I wanted to share some of the work I have been doing, comparing different options for TC initial conditions (ICs) in our HUR-NC WRF model. The objective of my work is to find out what the optimal IC is for TC prediction, and specifically to gauge whether a bogus vortex is a practical and useful solution. I am examining one strong case (Hurricane Ike, 2008) and one weak case (Tropical Storm Erika, 2009), in order to see how the bogus vortex affects the forecast in these different scenarios.
The model has a parent domain with 27-km grid spacing and two storm-following one-way inner nests with 9-km and 3-km grid length. HUR-NC did fairly well as an operational model, especially considering that it was using only GFS data for the model initialization. However, HUR-NC’s forecasts still had room for improvement, as compared with the TPC Best Track data.
I did some experiments where I re-ran HUR-NC for Hurricane Ike and Tropical Storm Erika, using the GFDL bogus vortex IC instead of the GFS IC. (Thanks to Bob Hart for the use of his method of “merging” the GFDL bogus vortex with the GFS boundaries.)

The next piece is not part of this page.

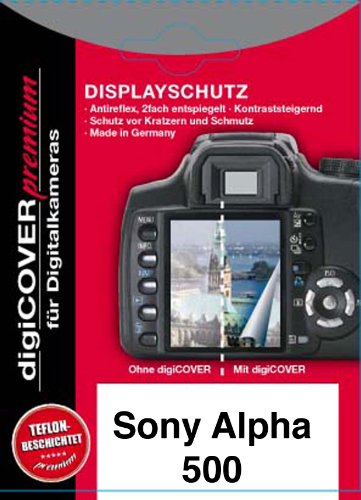 digiCOVER Premium Bildschirmschutzfolie f&uuml;r Sony DSLR-Alpha 500 Preisvergleich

Here are close-ups of Hurricane Ike for the GFS-only and the merged (bogus vortex) model analyses on the parent grid:
Click images to enlarge, if desired.
Notice the very robust structure of the GFDL bogus vortex as compared with the weaker, more amorphous GFS version of Ike.

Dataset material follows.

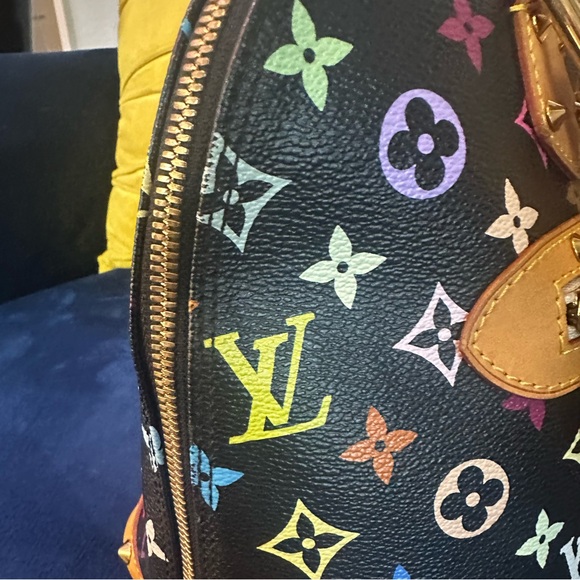 Louis Vuitton Takashi Murakami Noir Alma PM - Picture 4 of 14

The following is a graph of minimum SLP for Ike on the parent (27-km grid spacing) domain; it shows GFS-only, merged, and TPC Best Track SLP. Despite the merged run providing a more accurate initial intensity than the GFS-only experiment, both model runs performed very similarly beyond a 24-hour lead time.

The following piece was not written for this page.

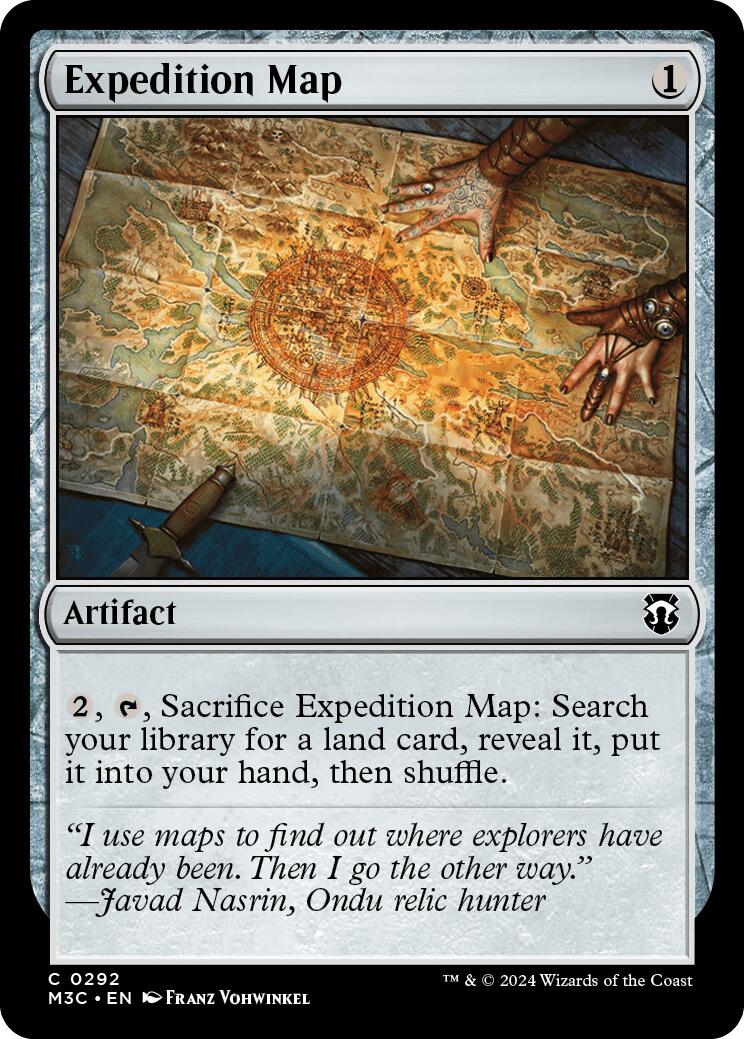 Expedition Map [Modern Horizons 3 Commander] | Gear Gaming Fayetteville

In case you’re wondering whether the previous intensity errors would be improved/reduced on a higher resolution grid, below is what they look like on the 3-km domain. The bogus vortex still does not do well after 24 hours into the model run!
Obviously Ike is just one storm (although Erika results are even less encouraging, given the dissimilarity between Erika’s structure and the bogus vortext structure); however, it is clear that the bogus vortex is not the best solution for all tropical cyclone ICs. The bogus vortex does seem to improve the forecast during the early hours of the model run for storms that initialize with strong intensity, but seems to over-deepen more than the GFS-only storm beyond a 24 hour lead time.
Going forward, I will be testing out initial conditions generated by assimilating observations every six hours from surface stations, rawinsondes (including G-IV dropsondes), ACARS, satellite motion winds, and advisory TC position and MSLP (Courtesy of Ryan Torn, who is sharing his data kindly). These ICs are prepared for an ensemble model, but we will be using the one member that minimizes a cost function that measures the distance from the ensemble member position to the ensemble-mean position and the ensemble member’s minimum SLP to the advisory MSLP.
I am hopeful that this assimilated initial condition will add skill to HUR-NC. Once we get the process for integrating this IC into WRF, we will try to do some parallel runs with HUR-NC to see how the assimilated IC performs relative to the GFS-only and GFDL bogus vortex ICs.